=== Material to process ===
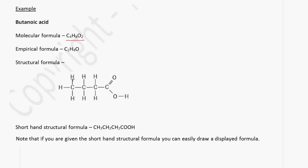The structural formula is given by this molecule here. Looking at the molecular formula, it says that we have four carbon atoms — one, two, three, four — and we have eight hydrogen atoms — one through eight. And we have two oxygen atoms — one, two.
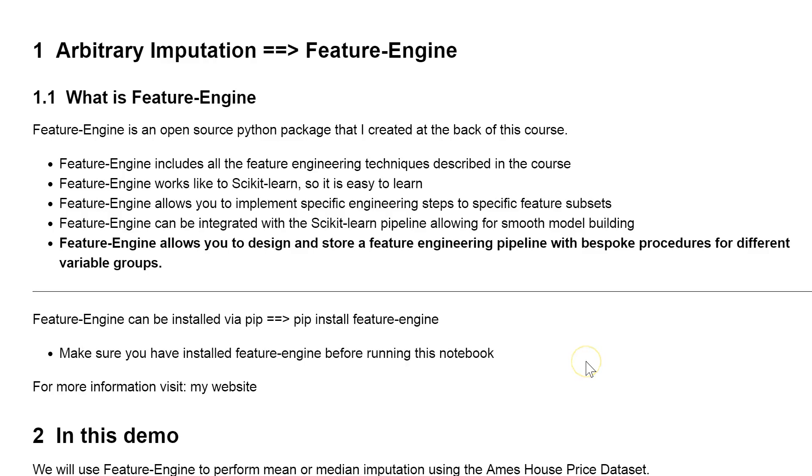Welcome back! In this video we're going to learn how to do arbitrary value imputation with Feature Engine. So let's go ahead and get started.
===
=== Material to process ===
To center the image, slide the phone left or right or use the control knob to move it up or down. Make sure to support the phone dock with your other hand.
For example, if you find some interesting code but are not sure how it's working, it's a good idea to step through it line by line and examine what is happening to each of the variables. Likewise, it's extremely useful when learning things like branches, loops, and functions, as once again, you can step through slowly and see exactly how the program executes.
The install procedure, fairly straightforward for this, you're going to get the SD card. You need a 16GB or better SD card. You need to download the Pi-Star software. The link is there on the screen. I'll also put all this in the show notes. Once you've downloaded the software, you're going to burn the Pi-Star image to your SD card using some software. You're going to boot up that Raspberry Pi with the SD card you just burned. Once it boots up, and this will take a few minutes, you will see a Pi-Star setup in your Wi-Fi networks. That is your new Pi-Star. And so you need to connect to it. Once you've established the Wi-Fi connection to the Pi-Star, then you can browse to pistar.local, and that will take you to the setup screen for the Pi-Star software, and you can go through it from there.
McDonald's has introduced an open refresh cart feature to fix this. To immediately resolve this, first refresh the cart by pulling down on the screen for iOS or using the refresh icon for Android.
===
=== Material to process ===
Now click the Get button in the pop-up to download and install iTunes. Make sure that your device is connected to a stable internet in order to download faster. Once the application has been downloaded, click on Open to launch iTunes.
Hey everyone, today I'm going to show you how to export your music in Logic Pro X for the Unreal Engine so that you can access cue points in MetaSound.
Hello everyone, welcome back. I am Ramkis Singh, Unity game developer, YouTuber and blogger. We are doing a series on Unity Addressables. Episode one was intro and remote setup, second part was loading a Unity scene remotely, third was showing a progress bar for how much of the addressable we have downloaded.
===
Problem requirements: Extract from the material all lines containing the string "Make".

Result of this task:
To center the image, slide the phone left or right or use the control knob to move it up or down. Make sure to support the phone dock with your other hand.
Now click the Get button in the pop-up to download and install iTunes. Make sure that your device is connected to a stable internet in order to download faster. Once the application has been downloaded, click on Open to launch iTunes.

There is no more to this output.